Scenario #3 – Bank-on-a-Chip – (Disruptive technology)
Currently banks serve as intermediaries. They are the in-between institution governing our access to money and managing the distribution of it.
At the heart of the banking industry lies a payment system that has been difficult to design around. Bank accounts serve as the central repository for personal wealth and offer a convenient way to issue payments.
Beyond our paper-based currency, the entire monetary system operates as nothing more than digital bits and bytes. Where we store our own bits and bytes should be up to us. So the logical question to ask is, “What if the money wasn’t stored in a bank, but rather on a chip, a chip that we control with multiple backup systems that talk to a central controller to insure system integrity? And continuing with this line of thinking, what if the payments could be made directly from person to person with no bank involvement?”
Current efforts in developing peer-to-peer payment systems are leading us towards this kind of “no-bank banking concept”.
Yes, there would indeed have to be a trusted institution in the background to insure the integrity of the system, but it could conceivably be something other than a typical banking operation. If, for example, Google and Wal-Mart were to team up and offer “no-bank bank accounts” and deposits were privately insured and considered safe by the consumer, the migration of customers would be swift, and millions of traditional bank accounts may well evaporate over night.

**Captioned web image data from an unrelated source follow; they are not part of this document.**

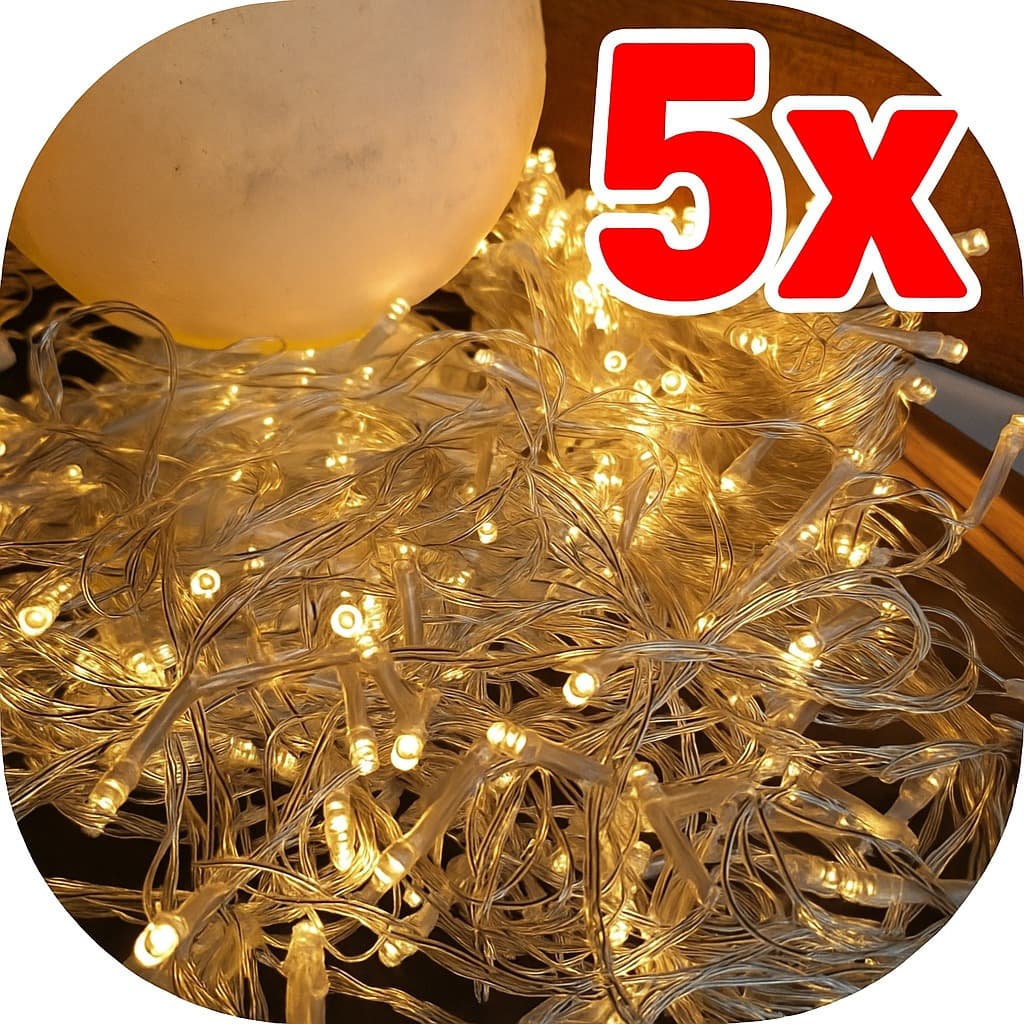 Kit Pisca Pisca Natal LED 100 Leds 10 Metros Branco Quente 8 Funções Fio Transparente 1 a 5 Unidades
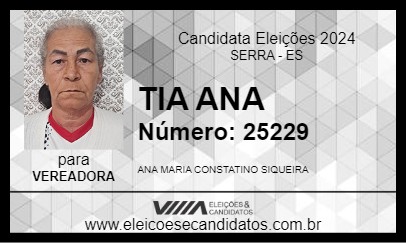 Candidato TIA ANA  2024 - SERRA - Eleições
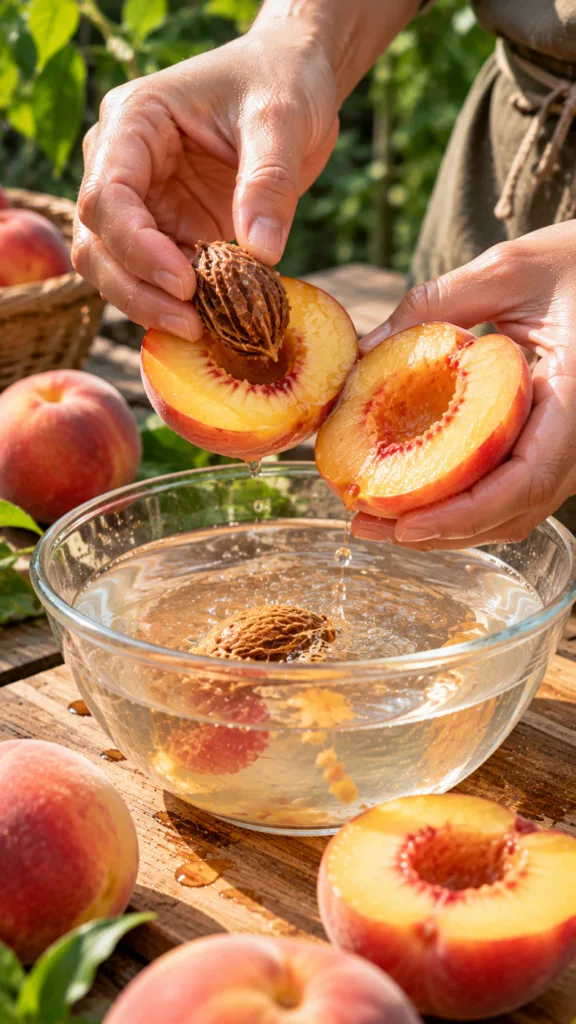 Hands gently removing the pit from a halved peach with water droplets falling into a clear bowl surrounded by whole and 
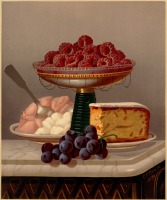 Картины - Натюрморт с малиной и виноградом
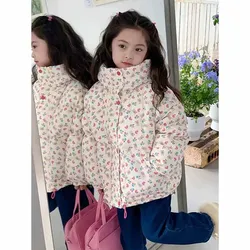 Abrigo acolchado de invierno para niña con cremallera y capucha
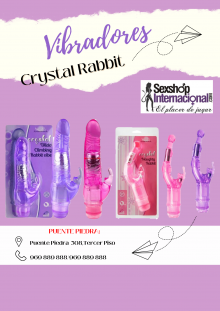 VIBRADORES CRYSTAL RABBIT ESTIMULA PUNTO G CLITORIS ANAL VAGINAL SEXSHOP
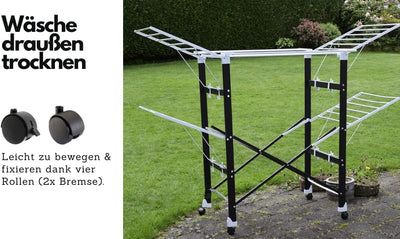 Loving Home® Faltbarer Wäscheständer, Standtrockner, Wäschetrockner Turm 175 x 83 x 112 cm mit Rollen, belastbar bis 35 kg, Trockenlänge 21 m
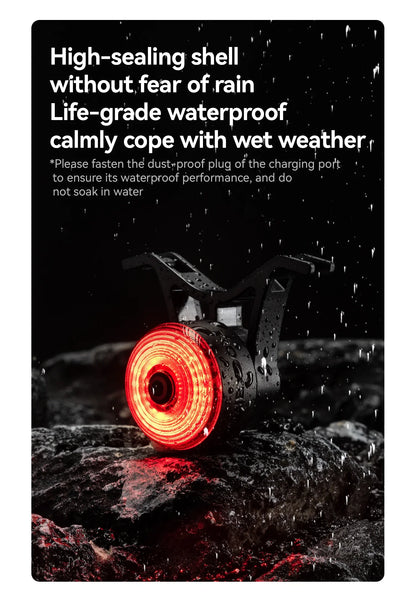 ROCKBROS Bicycle Handlebar End Lights – IPX6 Waterproof Rear Bike Lamp with 5 Modes & Brake Sensor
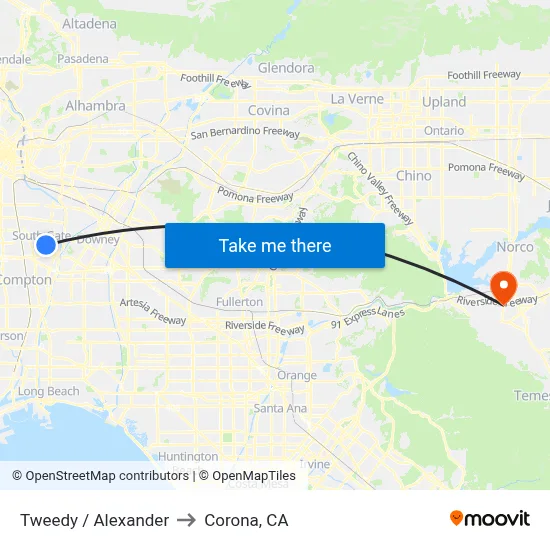 Tweedy / Alexander to Corona, CA map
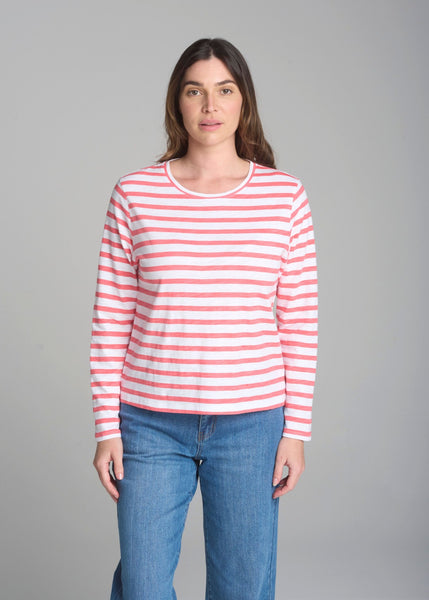 Cloth+Paper+Scissors</p>Straight Cut Stripe Tee</p>(White / Coral)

The primary motivation behind this movement is once again the feeling by customers that their money is no longer “well-treated”.
Scenario #4 – Foreign Competition
In a recent survey we asked the question, “If one of the following organizations began issuing their own currency, which one would you trust the most?” The question was followed by a list of 15 organizations including Visa, Harvard University, Llyods of London, Apple Computers, the State of California and several more. It was interesting to see that the two that rose to the top were Google and Wal-Mart, viewed in this context to be America’s most trusted brands.
Since it is becoming increasingly unnecessary for customers to live in close proximity to their bank, an obvious question to ask is, “Will foreign banks be able to make a serious play for U.S. customers.” It is true that Swiss and European banks have a long history of serving American customers but this is still a tiny percentage of the market.
Perhaps a better way to ask this question would be, ”Can any foreign bank garner sufficient trust to seriously compete for a large-scale migration of U.S. customers?” The answer that we give today will most certainly shift along with technology and the political landscape.
To make serious inroads, a foreign competitor will need to offer a substantially better alternative to the current U.S. based companies.
Shown in this light the Hornet Nest Theory becomes a valuable tool for spotting potential weaknesses and failure points in our current skewed systems. Done correctly, a well-executed structure for the banking system could dramatically improve the economy. Money would flow more efficiently with less friction to contend with.
Realizing that we will never be able to create the absolute perfect system and that the human element is equally as difficult to design for as around we are left knowing that people are both the greatest problem and the greatest solution. However, whenever the imbalance is great enough, people are driven to action, and in this environment the actions will happen swiftly. So just how close to the nest are we?